After first fighting ‘extremist’ policies in Bucks County, coalition launches to help school boards across the state
Since 2021, the Education Law Center has heard from people in 46 of Pennsylvania’s 500 school districts with concerns about book bans, censorship, or LGBTQ discrimination, one advocate said.
Community members worried about school board proposals to limit library books or police the participation of transgender students now have a statewide group to help fight those policies.
Pennsylvanians for Welcoming and Inclusive Schools (PA WInS), a coalition of advocacy groups including Education Voters PA, the American Civil Liberties Union of Pennsylvania, and the Education Law Center, initially formed in late 2022 to combat “extremist” board policies in Bucks County.
“We just really want people who are facing these issues to know they’re not alone,” said Susan Spicka, Education Voters’ executive director, who formally announced the coalition’s launch Tuesday.
While control of the Central Bucks school board and nearby Pennridge, another hotbed for debates around culture-war issues, flipped to Democrats after November’s elections, that wasn’t necessarily the case in other districts around Pennsylvania, Spicka said.
She pointed to actions this month by school districts in York County, including one that reinstated a Native American logo, and another moving to hire a law firm to defend removing gender identity from its Title IX protections.
“Clearly in some places, people who have an agenda that is not about supporting kids ... have been elected to school boards,” Spicka said, adding that in many districts, “it remains to be seen what this last election is going to mean.”
In anticipation of conflicts around policies, the coalition has set up a website that allows people to submit forms reporting incidents or requesting help regarding different issues, including attacks on diversity and inclusion initiatives, policy changes regarding LGBTQ+ students, censorship or book bans, and curriculum changes.
It also includes links to other entities, encouraging people to file complaints about discrimination with the U.S. Department of Education, for instance.
A federal civil rights investigation is ongoing against the Central Bucks district, following a 2022 complaint filed by the ACLU alleging anti-LGBTQ discrimination. An investigation by lawyers hired by the district concluded last year that there was no evidence of a hostile environment for LGBTQ students.

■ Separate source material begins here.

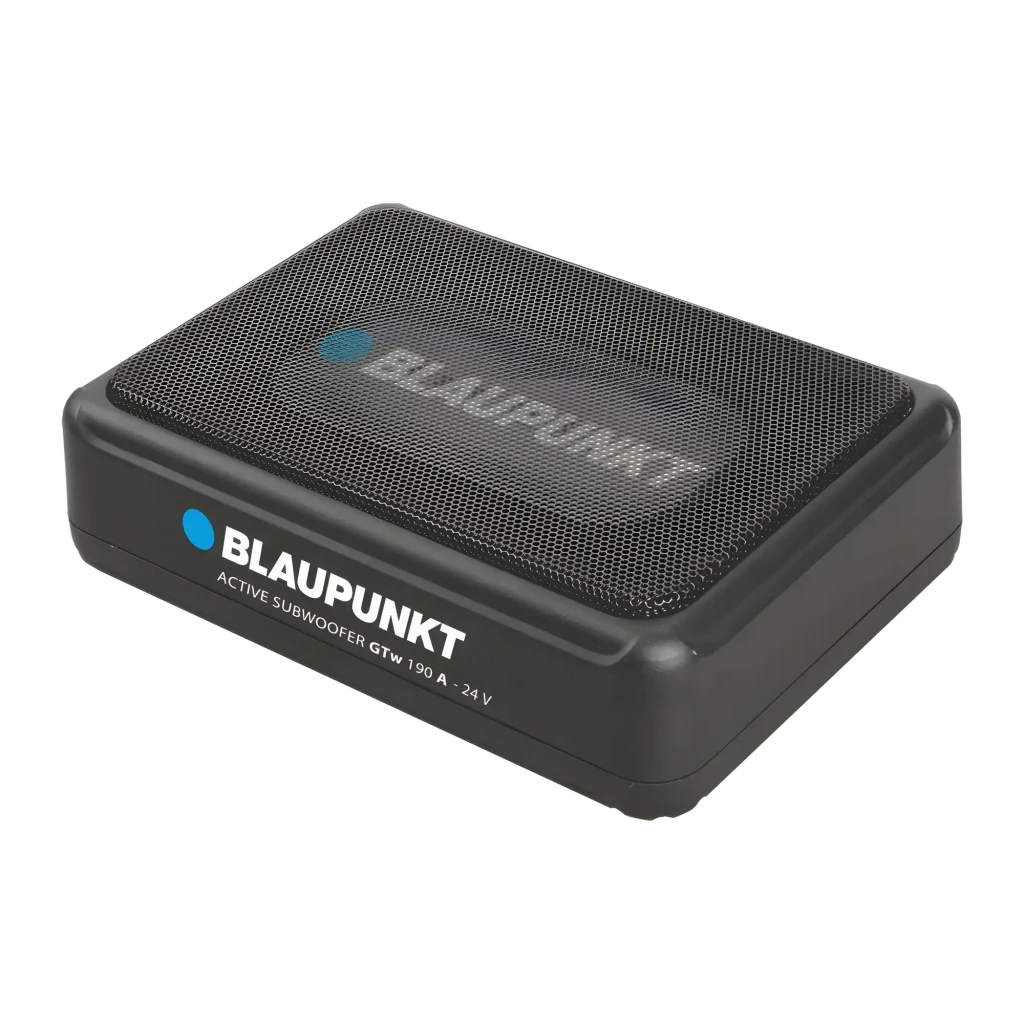 Subwoofer de voiture Blaupunkt GTw 190 A-24 actif, 80W RMS Noir, vue de face: boîtier compact noir avec grille métallique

In November, the Education Law Center and University of Pennsylvania’s Advocacy for Racial and Civil Justice Clinic filed a federal complaint against the Pennridge School District, alleging failures to protect children of color and LGBTQ students from harassment.
‘An alarming number’
Kristina Moon, senior attorney with the Education Law Center, said that while some of the recent school board election results were “very promising,” the legal group has been “seeing a really alarming number of districts considering” or implementing policies that exclude transgender students from equal participation in schools — including bathroom usage, sports team participation and recognition of names and pronouns.

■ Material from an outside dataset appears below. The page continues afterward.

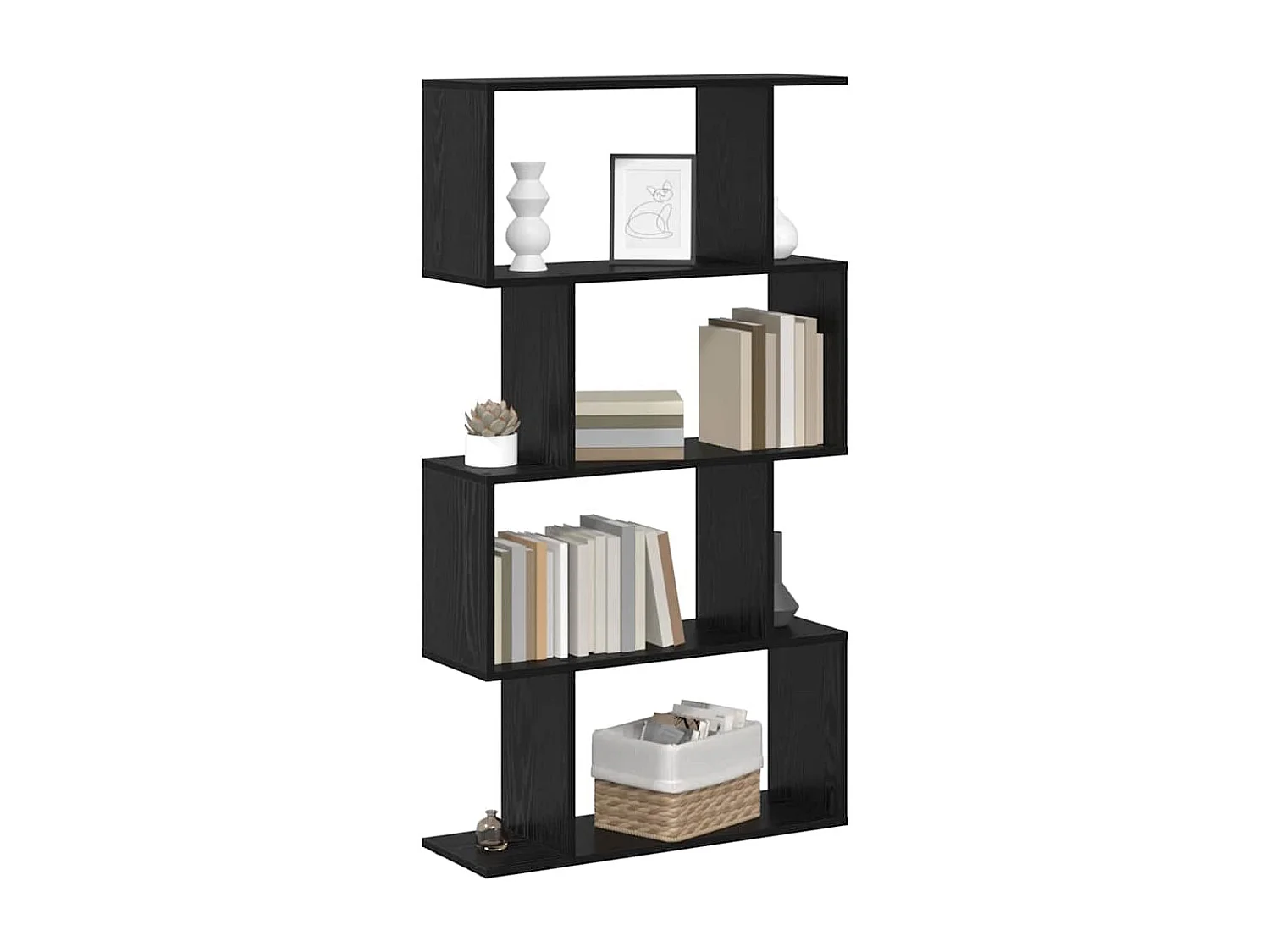 Bibliothèque Noir 70 x 24 x 129 cm Bois d'ingénierie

Since 2021, the ELC has heard from people in 46 of Pennsylvania’s 500 school districts with concerns about book bans, censorship, or LGBTQ discrimination, Moon said.
“We expect it’s a far undercount,” Moon said, since “these are the only folks that have made it to us.”
The ELC provides resources about the legality of discriminatory policies so parents can be confident when they’re speaking in front of their school boards, or talking with other parents or students, Moon said. She anticipates sharing more of that information with, and providing possible legal support to, people who contact the inclusive schools coalition seeking help.
During a news conference Tuesday, advocates said there was power in banding together, even as some of the threats they’ve faced have receded.
“These little islands are just starting to connect,” said Patricia Jackson, a teacher in the Central York School District and member of the Panther Anti-Racist Union, which in 2021 protested, and successfully reversed, bans of hundreds of books in Central York.
Just because protesters succeeded doesn’t mean their opposition has given up, Jackson said.
“It’s important we raise our voices not only in times of tumult, but also in times of bliss,” she said. “The darkness has not faded.”